*Information provided*:
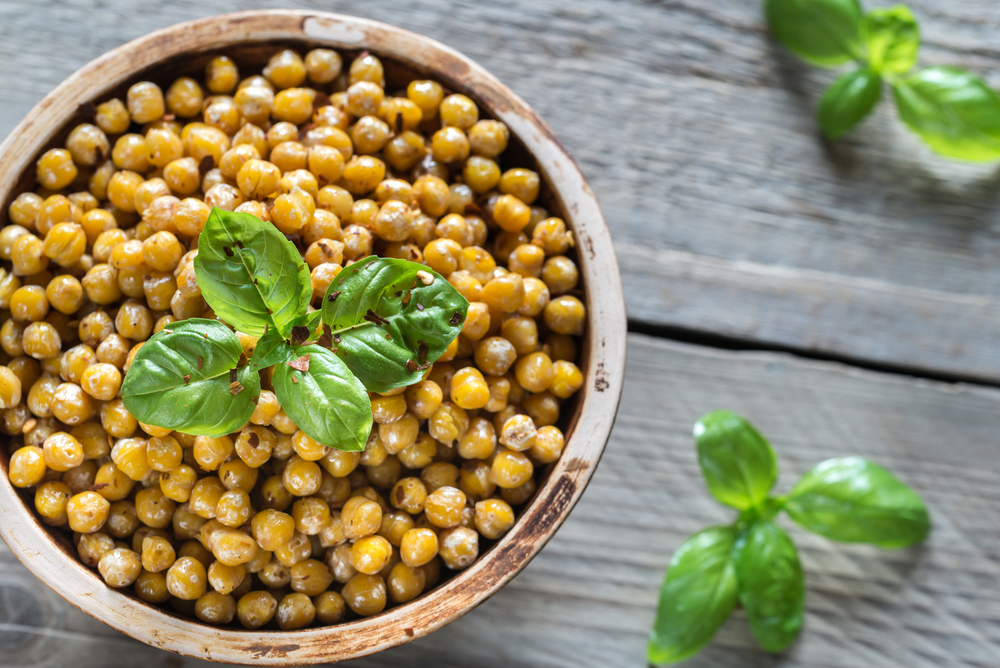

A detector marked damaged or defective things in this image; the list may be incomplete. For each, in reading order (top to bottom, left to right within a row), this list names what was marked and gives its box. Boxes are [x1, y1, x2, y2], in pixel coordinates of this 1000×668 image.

chipped bowl paint [0, 9, 624, 664]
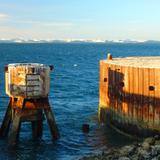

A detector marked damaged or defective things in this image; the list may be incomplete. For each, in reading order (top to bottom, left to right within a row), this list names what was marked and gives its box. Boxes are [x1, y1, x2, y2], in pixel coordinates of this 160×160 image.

rusted metal wall [5, 63, 50, 98]
rusty cylindrical structure [0, 63, 59, 144]
rusty cylindrical structure [99, 54, 160, 137]
rusted metal wall [99, 59, 160, 136]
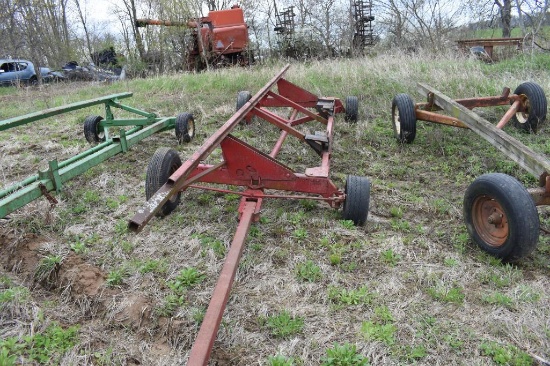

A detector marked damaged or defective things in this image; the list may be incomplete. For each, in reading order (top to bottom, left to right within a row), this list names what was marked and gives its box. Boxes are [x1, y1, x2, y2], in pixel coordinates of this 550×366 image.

rusted metal surface [188, 200, 260, 366]
rusty trailer frame [129, 64, 370, 364]
rusty trailer frame [392, 82, 550, 262]
rusty wheel rim [472, 196, 512, 247]
rusty wheel rim [516, 96, 532, 124]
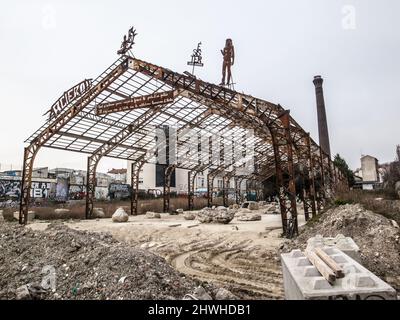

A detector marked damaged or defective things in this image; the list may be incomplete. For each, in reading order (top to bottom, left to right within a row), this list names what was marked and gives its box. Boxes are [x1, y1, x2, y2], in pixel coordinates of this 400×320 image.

rusty metal framework [20, 53, 348, 236]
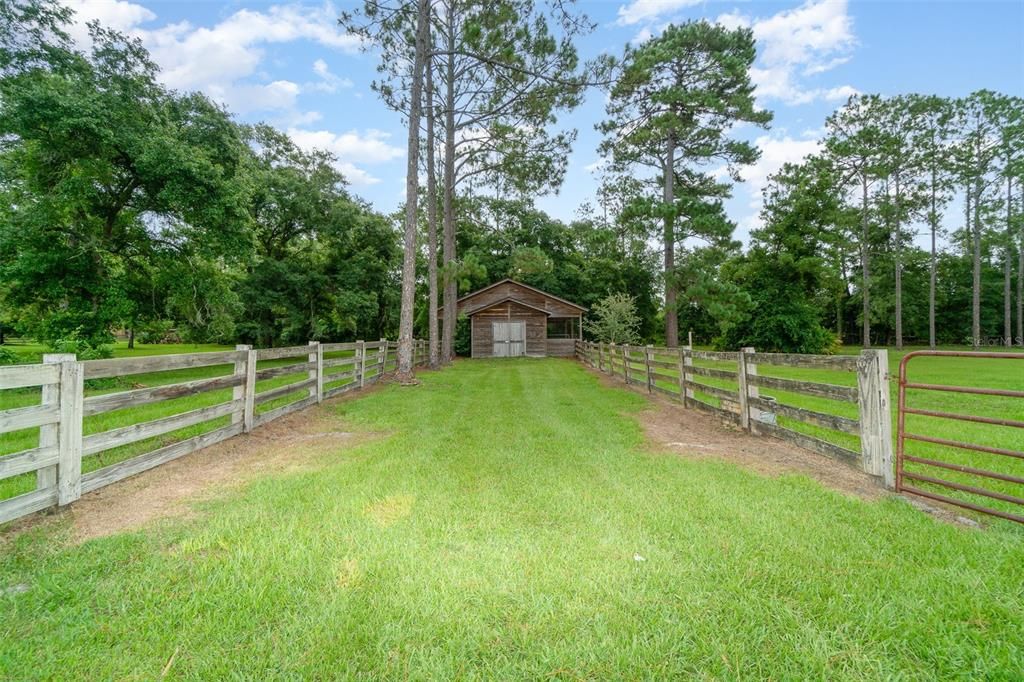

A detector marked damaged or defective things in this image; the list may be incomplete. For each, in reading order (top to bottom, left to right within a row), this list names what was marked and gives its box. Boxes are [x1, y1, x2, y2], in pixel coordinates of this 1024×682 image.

rusty gate bar [897, 348, 1024, 522]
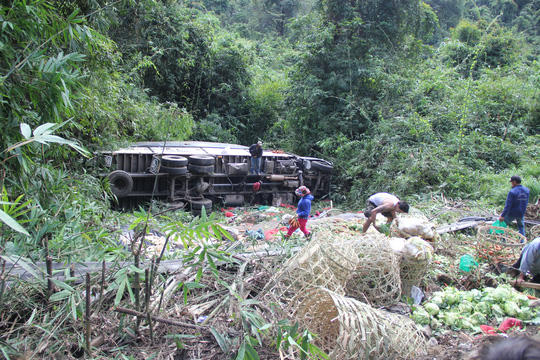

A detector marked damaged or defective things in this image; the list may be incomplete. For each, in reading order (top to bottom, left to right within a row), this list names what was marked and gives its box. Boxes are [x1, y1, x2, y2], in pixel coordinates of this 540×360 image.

crashed vehicle [97, 141, 334, 214]
overturned truck [97, 141, 334, 214]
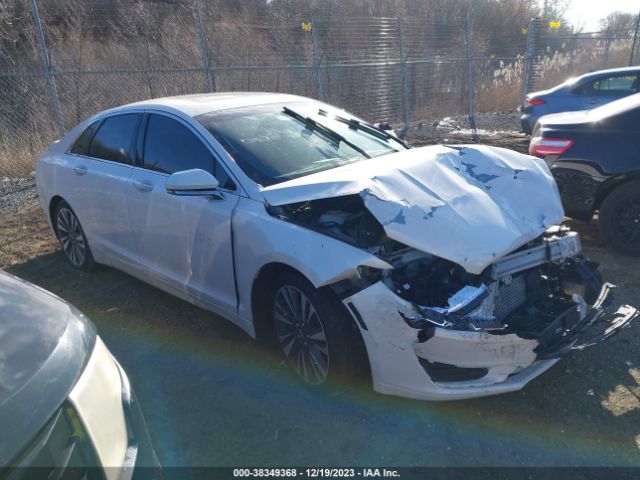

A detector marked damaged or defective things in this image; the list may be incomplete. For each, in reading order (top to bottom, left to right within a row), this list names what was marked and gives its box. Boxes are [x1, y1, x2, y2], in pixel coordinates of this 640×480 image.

damaged white car [37, 94, 636, 402]
crumpled hood [262, 144, 564, 274]
torn front fender [262, 144, 564, 274]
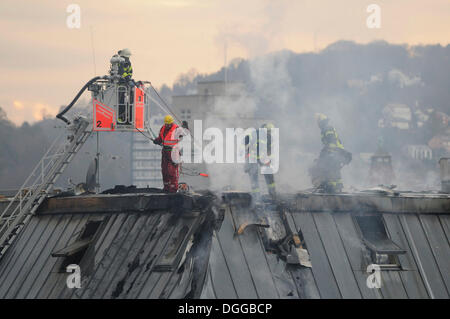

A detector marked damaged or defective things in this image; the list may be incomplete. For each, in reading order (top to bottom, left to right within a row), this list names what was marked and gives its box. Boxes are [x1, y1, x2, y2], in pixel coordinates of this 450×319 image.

charred roofing material [0, 190, 450, 300]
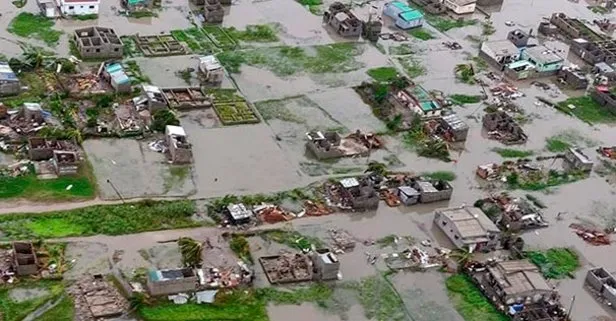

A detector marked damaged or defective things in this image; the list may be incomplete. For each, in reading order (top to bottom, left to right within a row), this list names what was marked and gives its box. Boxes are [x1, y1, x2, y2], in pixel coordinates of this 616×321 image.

damaged building [324, 1, 364, 37]
damaged building [73, 26, 122, 59]
damaged building [165, 124, 191, 164]
damaged building [306, 130, 378, 160]
damaged building [484, 110, 528, 144]
damaged building [336, 175, 380, 210]
damaged building [414, 178, 452, 202]
damaged building [434, 205, 500, 252]
damaged building [12, 240, 37, 276]
damaged building [146, 268, 197, 296]
damaged building [258, 252, 312, 282]
damaged building [584, 264, 616, 308]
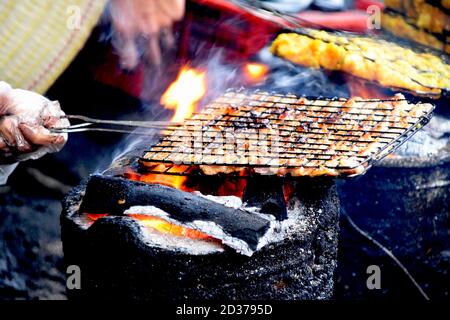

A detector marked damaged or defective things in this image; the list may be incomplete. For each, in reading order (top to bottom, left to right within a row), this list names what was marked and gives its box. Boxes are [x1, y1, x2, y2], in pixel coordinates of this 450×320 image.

charred stove surface [61, 175, 340, 300]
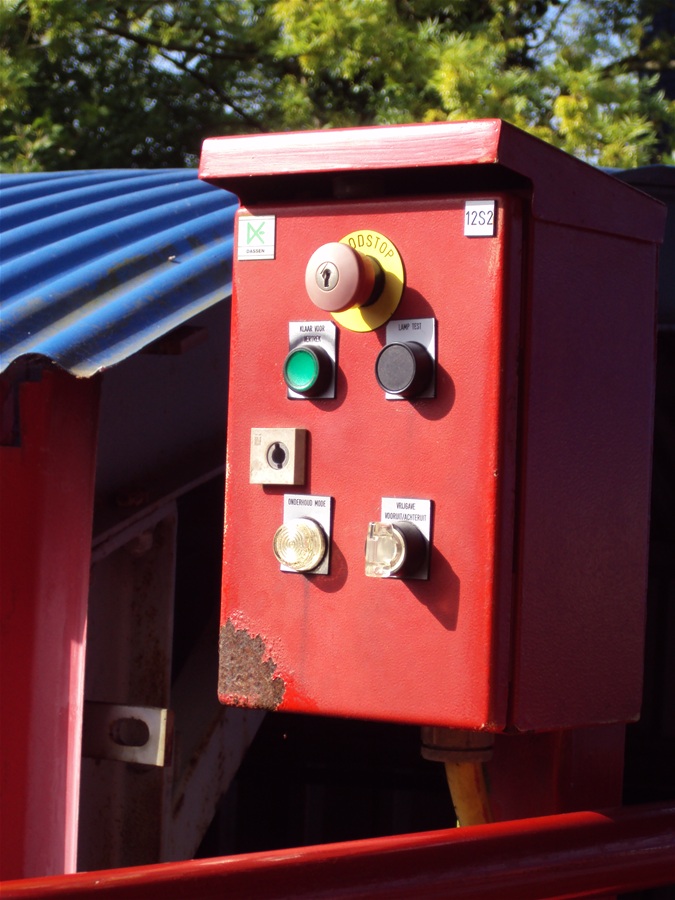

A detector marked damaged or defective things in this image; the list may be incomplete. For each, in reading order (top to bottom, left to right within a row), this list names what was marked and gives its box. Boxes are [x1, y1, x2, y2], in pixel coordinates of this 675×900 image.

rust patch on red paint [219, 620, 286, 712]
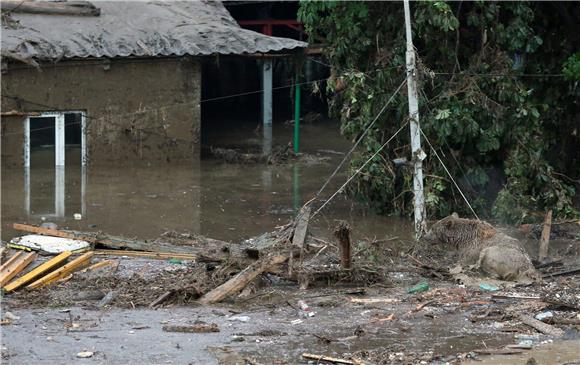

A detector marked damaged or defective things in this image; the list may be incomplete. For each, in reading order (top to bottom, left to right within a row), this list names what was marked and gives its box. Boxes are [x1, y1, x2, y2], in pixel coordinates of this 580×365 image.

*What this task involves*:
Write out the lines that run from the line containing "this 450×320 image." to the end of the entries, inclusive, exactly as written. Skip every picture.

*Your solution*:
A detector marked damaged or defective things in this image; the list may be incomplete. For each, in reading order (top to bottom, left to right within a row), this list names what was marked and gives its box. Boxes are [x1, y1, x2, y2], in pixel coordinates of this 450×320 image.

charred stove surface [61, 175, 340, 300]

A detector marked damaged or defective things in this image; the list may be incomplete. For each, in reading order (top to bottom, left to right within a row), this list names what was marked and gives its box. Boxes are [x1, y1, x2, y2], in pixel coordinates of this 675×900 image.

rust patch on red paint [219, 620, 286, 712]

A detector marked damaged or defective things in this image; the list may be incomplete. For each, in reading order (top to bottom, left to right within a row), this list names what was marked and gives its box. Boxes are [x1, y1, x2, y2], in pixel coordinates of this 580×365 image.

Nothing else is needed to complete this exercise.